Summary

Even though neural networks are universal approximators, matching architecture to problem structure (visual hierarchy, spatial locality, translational invariance) improves generalization and efficiency. CNNs do this through convolution, which slides learned filters across the input to detect local patterns with shared weights, and max pooling, which summarizes spatial information (“did a pattern occur?” rather than “where exactly?”). Convolutional layers extract features; fully connected layers classify.


The course will become much less computational and significantly more conceptual. This week, we want to answer why we need a special network for images, and why CNNs are the special network for images.

Vision Problem

In order to pass even a small image into a fully-connected neural network, we need to do a ton of work. The number of parameters grows extremely fast. We need a specialized network because fully-connected nets don’t scale well and a carefully-selected hypothesis class helps fight overfitting.

Note

If we know the data is generated by a specific curve, we can more easily choose the appropriate hypothesis class.
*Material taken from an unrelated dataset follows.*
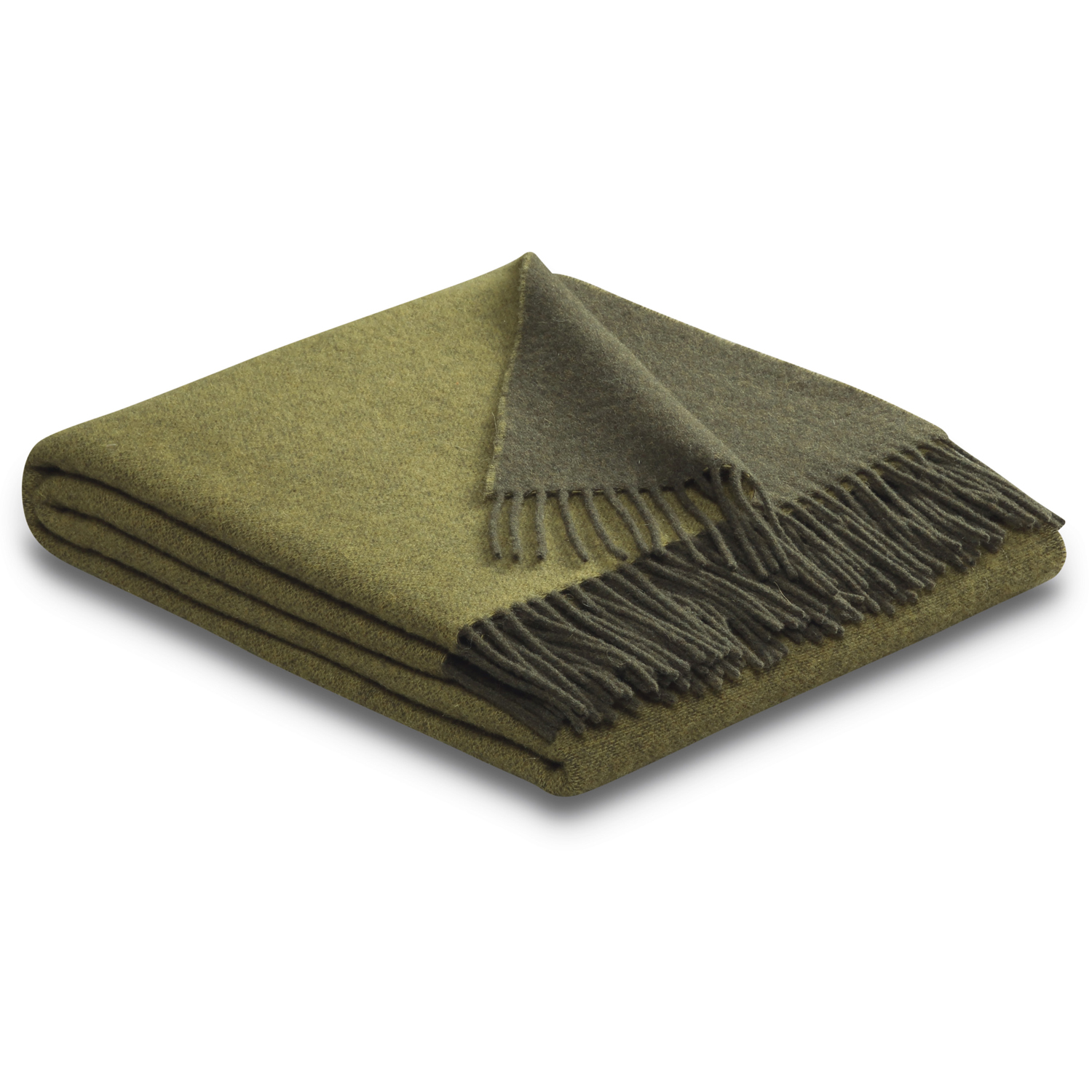 Biederlack Plaid uni 130x170cm olive hochwertige Kuscheldecke mit Fransen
So, do we know anything about our vision problems? Yes; there’s a natural visual hierarchy. Turns out that the layered structure is well-suited for hierarchical processing. There’s also spatial locality in images. In other words, the distinguishing features can be found in neighborhoods rather than in arbitrary locations.

CNNs exploit visual hierarchy, spatial locality, and translational invariance through layered structure, convolution, and pooling to handle images efficiently. This punch line is a good template not just for images.

Typically, CNNs are a preprocessing block before a feedforward network we’re already familiar with to weed out the information that is relevant to us.

Convolution

1D & 2D Convolution

Convolution layers might sound foreign, but they’re actually very similar to fully-connected layers.

LayerForward pass, doBackward pass, learnDesign choices
fully-connecteddot-product, activationneuron weightsneuron count, etc.
convolutionalconvolution, activationfilter weightsconv specs, etc.
Convolution is akin to a filter applied to an image.

Example: 1D Convolution

Given input [0,1,0,1,1] and filter [1,1], slide the filter across the input and compute the dot product at each position:

  • Position 1: (0×1)+(1×1)=1
  • Position 2: (1×1)+(0×1)=1
  • Position 3: (0×1)+(1×1)=1
  • Position 4: (1×1)+(1×1)=0

Convolved output: [1,1,1,0]

There are four interpretations of convolution:

  1. Template matching
  2. “Looking” locally through the filter. This local region is called the receptive field.
  3. Sparse-connected layer with parameter sharing (dot product with mostly 0s)
  4. Translational equivariance

Example: 2D Convolution

Note

The stride need not be 1. It can be 2, 3, etc.

A summary of some 1D convolution techniques:

  • Zero-padding: pad the input with zeros on both sides (e.g. [1,0,1,1,0][0,0,1,0,1,1,0]) so the output size is preserved
  • Stride: how many positions the filter moves each step (e.g. stride of 2 skips every other position, reducing output size)
  • Filter size: the number of weights in the filter (e.g. [1,1] vs [1]). These weights are what the CNN learns during training.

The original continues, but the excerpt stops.